Anti-independence forces will be in charge of organizing next year’s referendum on independence in New Caledonia. The Congress of the French overseas territory elected a president and vice president yesterday. Details from Neal Conan in today’s Pacific News Minute.
On a vote of 59 to 24, the Congress re-elected Theirry Santa as president for a third term, Philippe Dunoyer will be vice president.
Pro-independence forces could not agree on a single candidate.
20 years after the Noumea Accords, this Congress will now set the terms for the referendum. The decolonization process calls for a phased and irreversible transfer of power from France to New Caledonia, but is silent on the issue of sovereignty. Much will depend on the exact wording of the question put before the voters, and even more, on who’s allowed to vote.
The Noumea Accords restrict eligibility to those who’ve been citizens since 1998. Yesterday, about 3,000 pro-independence supporters staged a march to the French High Commission in Noumea, to demand that indigenous Kanaks be enrolled automatically. The law says everyone needs to register.

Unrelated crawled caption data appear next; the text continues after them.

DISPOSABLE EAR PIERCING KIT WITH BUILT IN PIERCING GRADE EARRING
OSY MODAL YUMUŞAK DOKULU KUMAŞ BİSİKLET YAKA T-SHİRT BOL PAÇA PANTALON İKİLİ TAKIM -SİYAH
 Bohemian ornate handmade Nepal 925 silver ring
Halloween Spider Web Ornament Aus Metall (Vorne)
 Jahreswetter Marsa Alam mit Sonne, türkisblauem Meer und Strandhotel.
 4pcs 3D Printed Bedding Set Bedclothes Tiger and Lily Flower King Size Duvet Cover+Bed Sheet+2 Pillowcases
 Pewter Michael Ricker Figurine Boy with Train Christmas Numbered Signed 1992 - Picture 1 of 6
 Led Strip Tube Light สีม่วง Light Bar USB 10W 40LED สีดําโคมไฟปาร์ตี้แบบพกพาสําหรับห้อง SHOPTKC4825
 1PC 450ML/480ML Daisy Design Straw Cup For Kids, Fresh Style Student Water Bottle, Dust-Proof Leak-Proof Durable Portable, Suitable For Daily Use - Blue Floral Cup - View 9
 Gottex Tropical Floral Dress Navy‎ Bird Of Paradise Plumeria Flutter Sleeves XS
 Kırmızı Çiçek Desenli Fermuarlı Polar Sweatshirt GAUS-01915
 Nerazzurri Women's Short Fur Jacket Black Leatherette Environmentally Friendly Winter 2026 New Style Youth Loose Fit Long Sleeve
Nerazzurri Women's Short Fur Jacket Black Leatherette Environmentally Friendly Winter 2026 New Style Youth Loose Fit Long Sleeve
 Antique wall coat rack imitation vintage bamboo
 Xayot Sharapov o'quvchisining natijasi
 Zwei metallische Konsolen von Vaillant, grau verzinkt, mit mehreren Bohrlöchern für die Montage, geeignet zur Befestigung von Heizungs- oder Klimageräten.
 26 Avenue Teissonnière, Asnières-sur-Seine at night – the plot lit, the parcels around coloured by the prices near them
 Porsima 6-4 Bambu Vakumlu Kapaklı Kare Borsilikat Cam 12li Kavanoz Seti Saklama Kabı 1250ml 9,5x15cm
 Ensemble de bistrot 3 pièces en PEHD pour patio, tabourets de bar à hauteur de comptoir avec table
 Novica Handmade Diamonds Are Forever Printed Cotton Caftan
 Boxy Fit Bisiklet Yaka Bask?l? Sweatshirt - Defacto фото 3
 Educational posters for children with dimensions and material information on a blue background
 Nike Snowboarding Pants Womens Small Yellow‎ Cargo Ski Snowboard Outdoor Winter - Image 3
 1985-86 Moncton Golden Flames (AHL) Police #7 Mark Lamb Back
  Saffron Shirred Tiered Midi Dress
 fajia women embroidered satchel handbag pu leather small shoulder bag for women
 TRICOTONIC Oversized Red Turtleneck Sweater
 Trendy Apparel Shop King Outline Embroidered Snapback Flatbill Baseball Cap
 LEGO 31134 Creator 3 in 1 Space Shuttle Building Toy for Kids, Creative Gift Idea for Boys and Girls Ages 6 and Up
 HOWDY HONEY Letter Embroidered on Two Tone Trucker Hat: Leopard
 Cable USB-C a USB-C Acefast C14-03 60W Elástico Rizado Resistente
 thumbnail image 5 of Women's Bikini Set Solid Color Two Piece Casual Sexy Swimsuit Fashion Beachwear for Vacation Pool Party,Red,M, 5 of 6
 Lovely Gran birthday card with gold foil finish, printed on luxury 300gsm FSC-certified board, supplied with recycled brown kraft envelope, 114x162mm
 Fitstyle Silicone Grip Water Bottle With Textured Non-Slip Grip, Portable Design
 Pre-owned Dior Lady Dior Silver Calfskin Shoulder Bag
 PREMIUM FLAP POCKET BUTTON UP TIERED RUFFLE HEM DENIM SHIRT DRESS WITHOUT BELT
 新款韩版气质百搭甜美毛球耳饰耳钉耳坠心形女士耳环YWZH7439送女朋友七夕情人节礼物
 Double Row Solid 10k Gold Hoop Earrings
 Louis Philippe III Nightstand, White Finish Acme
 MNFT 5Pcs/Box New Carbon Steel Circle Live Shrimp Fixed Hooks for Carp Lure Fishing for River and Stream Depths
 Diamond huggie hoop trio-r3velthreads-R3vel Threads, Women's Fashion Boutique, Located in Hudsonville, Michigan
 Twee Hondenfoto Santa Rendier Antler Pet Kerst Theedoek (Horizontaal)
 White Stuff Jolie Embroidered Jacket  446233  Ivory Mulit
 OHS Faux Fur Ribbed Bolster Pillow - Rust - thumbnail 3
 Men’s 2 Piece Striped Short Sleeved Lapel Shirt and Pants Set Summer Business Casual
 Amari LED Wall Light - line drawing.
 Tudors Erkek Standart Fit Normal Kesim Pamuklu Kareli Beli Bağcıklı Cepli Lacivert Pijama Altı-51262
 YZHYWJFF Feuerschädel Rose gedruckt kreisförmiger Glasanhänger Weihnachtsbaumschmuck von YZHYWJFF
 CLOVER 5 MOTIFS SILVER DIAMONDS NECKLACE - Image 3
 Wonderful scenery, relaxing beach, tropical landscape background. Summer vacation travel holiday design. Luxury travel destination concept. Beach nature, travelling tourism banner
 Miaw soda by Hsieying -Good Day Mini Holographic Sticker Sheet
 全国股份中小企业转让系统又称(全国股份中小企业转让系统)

Earlier this month a delegation of pro-independence leaders travelled to Paris to meet with Prime Minister Edouard Phillipe, who will visit New Caledonia later this year. The pro-independence group that signed the Noumea Accords is called FLNKS. The French acronym stands for the Kanak Socialist Liberation Front, but the movement’s splintered since then. So has the anti-independence side - and if it’s unable to organize the referendum by next May, France will step in, and hold the vote no later than November 2018.